No passado, a empresa foi pioneira numa procura pelo bem-estar dos trabalhadores. Da educação à cultura, a Vista Alegre providenciava ocupações para as mentes dos operários quando o corpo não estava dentro das naves fabris. Hoje, “têm os apoios normais da indústria”, adianta Nuno Barra, sem, apesar da insistência, especificar quais. “Foram processos que foram evoluindo ao longo dos anos, que se foram ajustando aos tempos”.
Hoje, partilham o espaço industrial com o museológico. E são parte do património fundamental da empresa. “Esta equipa que está aqui é como uma equipa de futebol. Cada um desempenha uma função e se há uma área que trabalha menos bem, o resultado final não será o mesmo”, conta Nuno Barra, administrador da Vista Alegre.
“Em grande parte das áreas há um ‘know-how’ adquirido ao longo de gerações; a porcelana é um produto muito frágil, tem um comportamento muito difícil e estas várias áreas, quando interagem com as peças, têm de saber o que estão a fazer, todos em conjunto: se põem mais dez graus, a peça pode acabar ali, se transportam a peça de uma forma errada, a peça pode acabar ali, se a calçarem de forma errada… É um trabalho conjunto”, diz Barra.

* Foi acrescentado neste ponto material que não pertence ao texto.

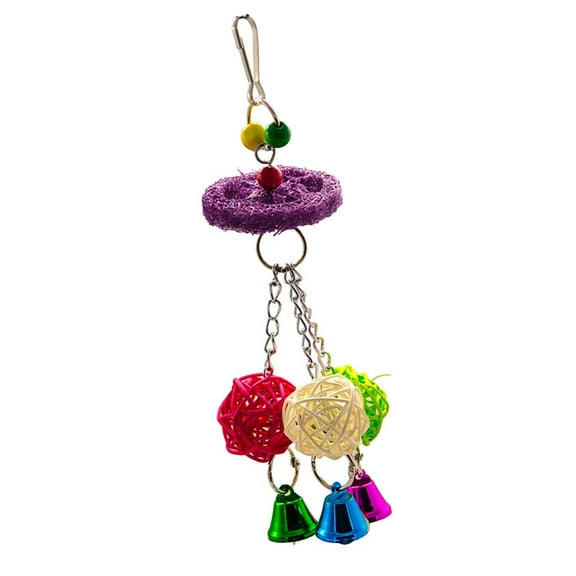 Bird Chewing Toy - Attract Pet's Attention - Multicolored Rattan Ball Parrot Chewing Toy, Medium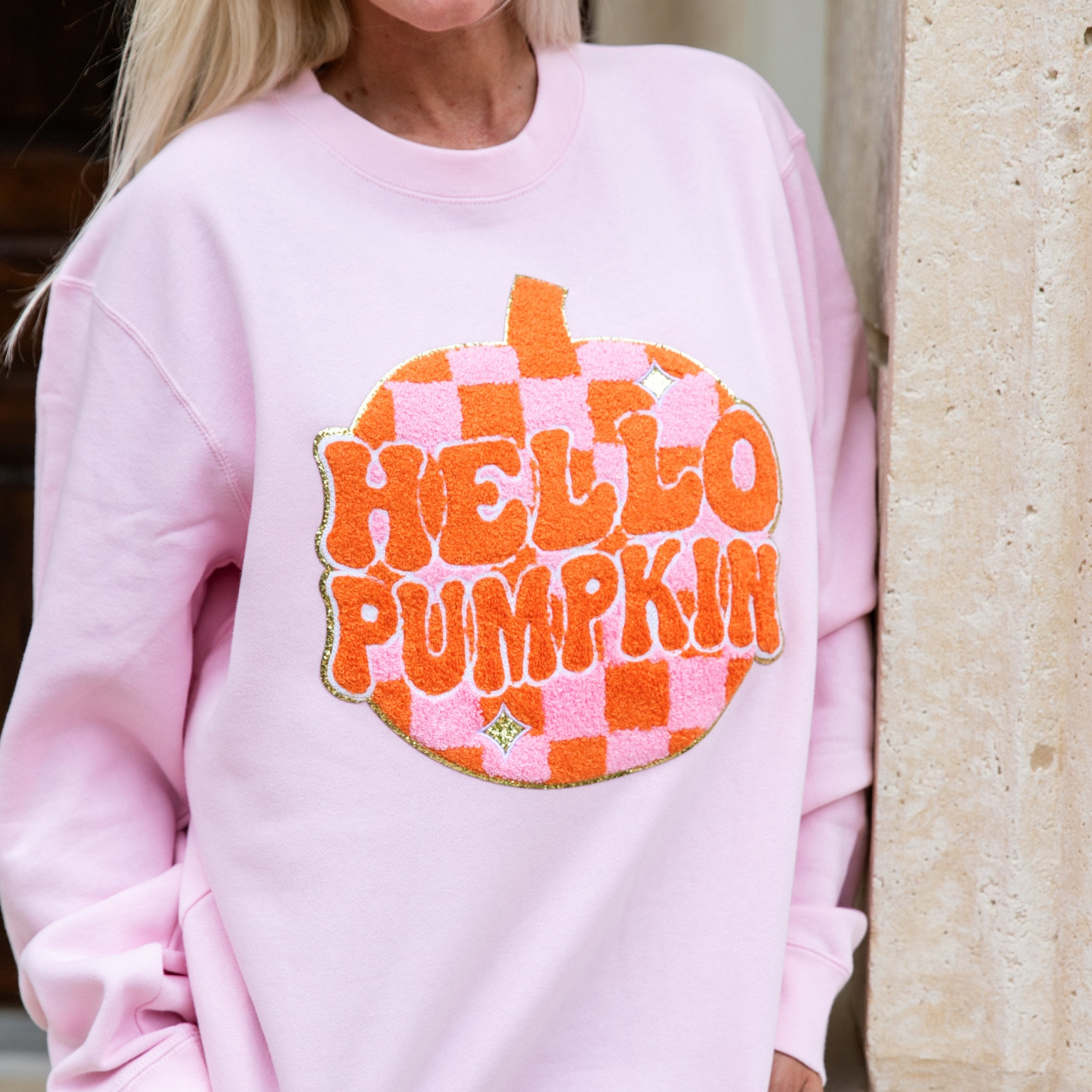 Hello Pumpkin Pink and Orange Sweatshirt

Na zona de pintura à mão, a concentração cirúrgica dos artesãos permanece mesmo quando, a espaços, os visitantes entram pela manufatura. Dispostos numa sala muito iluminada, os trabalhadores pintam com pincéis que são um fio de cabelo apenas. Ao lado, separados por um cordão, os turistas apontam e espantam-se.

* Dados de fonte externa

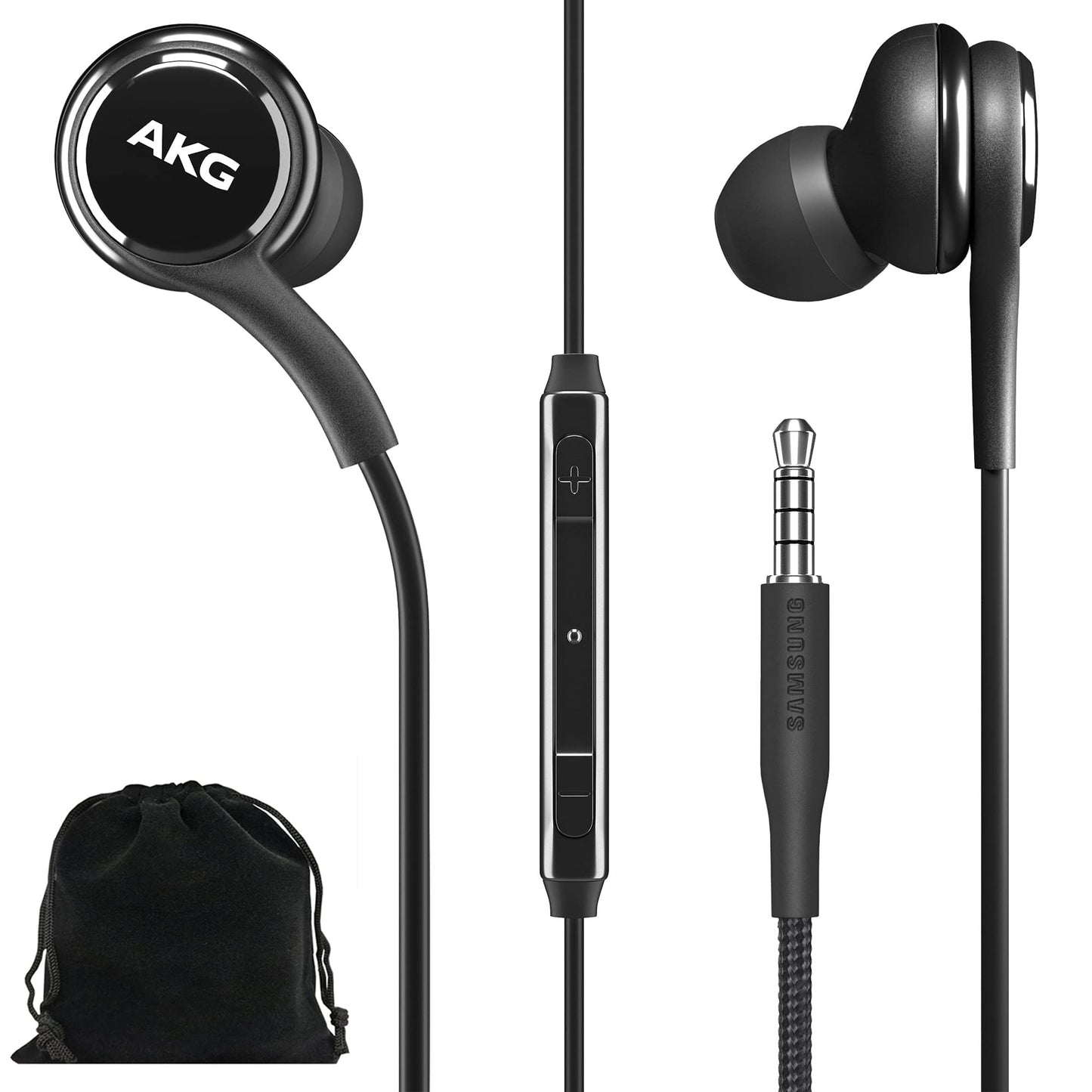Samsung AKG Earbuds Original 3.5mm in-Ear Headphones with Remote & Mic for Galaxy A71, A31, Galaxy S10, S10e, Note 10, Note 10+, S10 Plus, S9 - Braided, Includes Velvet Carrying Pouch - Black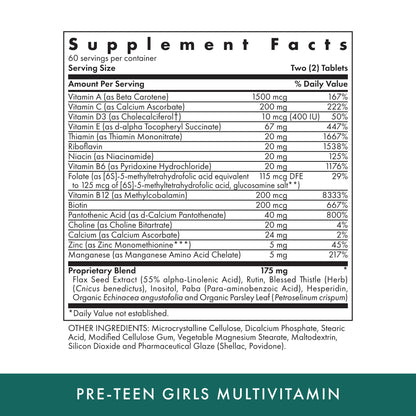 MICHAEL'S Health Naturopathic Programs Pre-Teen Girls - 120 Vegetarian Tablets - Daily Multivitamin for Healthy Growth & Development - Kosher - 60 Servings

O cheiro a diluentes e químicos afins enche o resto da sala. Como peças vivas de um museu, os pintores olham para os modelos e repetem os desenhos. Ali estão, rodeados de estatuetas, baixelas e caixinhas. Não se podem fazer fotografias. Há peças que são apenas testes; outras pedidos especiais e amostras.
Não há fífia que os distraia. O clique do espelho da câmara (aos jornalistas é permitido fazer imagens) ecoa; mas nem o estrondo do obturador os atira para fora da hipnose. Do lado de lá do cordão, os visitantes vão olhando.
No piso de baixo, numa das naves, debaixo de luzes fortes, há mais olhos precisos. Pegam em pratos e travessas, balançam-nos à claridade e apalpam cada aresta. Por vezes, traçam uma linha. E assim seguem. Um atrás do outro. São uma meia dúzia de mulheres, em fila, a bailar a louça no ar.
“Veja se encontra aí alguma coisa”, diz uma dessas operárias, enquanto entrega uma travessa branca aos jornalistas. Eles olham. Procuram. O trabalho de um jornalista é, muitas vezes, o de encontrar. Mas ali, nenhum dos três via alguma coisa. Eventuais indícios de mácula, mas dificilmente certeza de erro.
“Está ali”, aponta a mulher, enquanto rodeia um minúsculo traço na superfície da porcelana. “Está a ver, eu disse que tinha visto”, atira um dos repórteres. Uma pequena falha dita que aquela peça não será de primeira escolha. Das falhas dependem os preços. Se for um problema menor, a peça seguirá para as chamadas segundas escolhas, onde é vendida por preços mais baixos. Se a mácula for demasiado grande, a peça, por mais bela que seja, chumba o teste de qualidade e acaba destruída num contentor. Dali segue para a reciclagem.
As outras seguem para a pintura, de lá para loja. Da loja para as coleções. Tem sido mais ou menos assim desde 1824. Da Casa Branca ao Palácio de Belém; de banquetes triunfais a jantares desolados, debaixo desses pratos, é possível ver uma marca, que mais do que entidade comercial é também lugar. Lugar e as memórias que lhe constroem a tradição. Porque a pasta de que é feita a louça não há de ser muito diferente da que faz a história.